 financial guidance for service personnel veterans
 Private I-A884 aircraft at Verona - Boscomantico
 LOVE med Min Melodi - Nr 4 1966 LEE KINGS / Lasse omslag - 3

◆ ◆ ◆ ◆ ◆ ◆ ◆

AIM OF THE EXERCISE
Write the complete data out, exactly as above.

EXERCISE ANSWER
 financial guidance for service personnel veterans
 Private I-A884 aircraft at Verona - Boscomantico
 LOVE med Min Melodi - Nr 4 1966 LEE KINGS / Lasse omslag - 3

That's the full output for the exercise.